→ **Exercise details**
Transcribe precisely, and only, the lines beginning at the line containing "נערה בשדה חקלאי" and ending at the final line of the material below.

── Study material ──

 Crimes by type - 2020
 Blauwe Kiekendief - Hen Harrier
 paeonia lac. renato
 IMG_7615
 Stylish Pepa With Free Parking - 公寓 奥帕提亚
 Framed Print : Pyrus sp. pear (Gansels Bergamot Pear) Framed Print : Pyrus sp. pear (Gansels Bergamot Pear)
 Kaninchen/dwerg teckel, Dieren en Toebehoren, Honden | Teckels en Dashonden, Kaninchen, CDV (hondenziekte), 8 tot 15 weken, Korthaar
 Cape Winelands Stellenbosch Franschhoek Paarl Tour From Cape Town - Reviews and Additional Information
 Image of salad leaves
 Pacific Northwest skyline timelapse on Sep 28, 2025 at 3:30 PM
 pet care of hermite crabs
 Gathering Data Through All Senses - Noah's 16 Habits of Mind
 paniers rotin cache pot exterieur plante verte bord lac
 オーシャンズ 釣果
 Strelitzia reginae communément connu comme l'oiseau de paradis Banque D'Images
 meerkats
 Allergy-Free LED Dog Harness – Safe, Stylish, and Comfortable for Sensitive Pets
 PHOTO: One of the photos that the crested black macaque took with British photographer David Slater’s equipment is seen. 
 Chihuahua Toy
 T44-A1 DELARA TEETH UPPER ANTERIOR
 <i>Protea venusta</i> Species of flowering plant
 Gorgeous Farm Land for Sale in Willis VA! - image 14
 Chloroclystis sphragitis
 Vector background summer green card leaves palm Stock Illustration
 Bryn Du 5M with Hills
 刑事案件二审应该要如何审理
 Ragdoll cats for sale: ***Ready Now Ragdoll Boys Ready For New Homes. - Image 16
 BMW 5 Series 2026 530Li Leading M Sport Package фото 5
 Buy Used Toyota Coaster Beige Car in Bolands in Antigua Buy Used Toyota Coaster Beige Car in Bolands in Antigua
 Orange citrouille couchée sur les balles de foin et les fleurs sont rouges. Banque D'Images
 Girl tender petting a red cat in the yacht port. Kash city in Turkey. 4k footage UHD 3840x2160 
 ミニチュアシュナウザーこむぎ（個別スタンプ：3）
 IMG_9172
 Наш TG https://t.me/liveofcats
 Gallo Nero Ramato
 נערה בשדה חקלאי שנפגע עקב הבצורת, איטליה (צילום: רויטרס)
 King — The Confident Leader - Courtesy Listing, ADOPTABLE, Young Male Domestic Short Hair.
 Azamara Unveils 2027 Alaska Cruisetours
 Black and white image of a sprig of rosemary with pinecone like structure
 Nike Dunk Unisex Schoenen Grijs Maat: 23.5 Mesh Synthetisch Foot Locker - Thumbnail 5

───

→ **Written reply**
 נערה בשדה חקלאי שנפגע עקב הבצורת, איטליה (צילום: רויטרס)
 King — The Confident Leader - Courtesy Listing, ADOPTABLE, Young Male Domestic Short Hair.
 Azamara Unveils 2027 Alaska Cruisetours
 Black and white image of a sprig of rosemary with pinecone like structure
 Nike Dunk Unisex Schoenen Grijs Maat: 23.5 Mesh Synthetisch Foot Locker - Thumbnail 5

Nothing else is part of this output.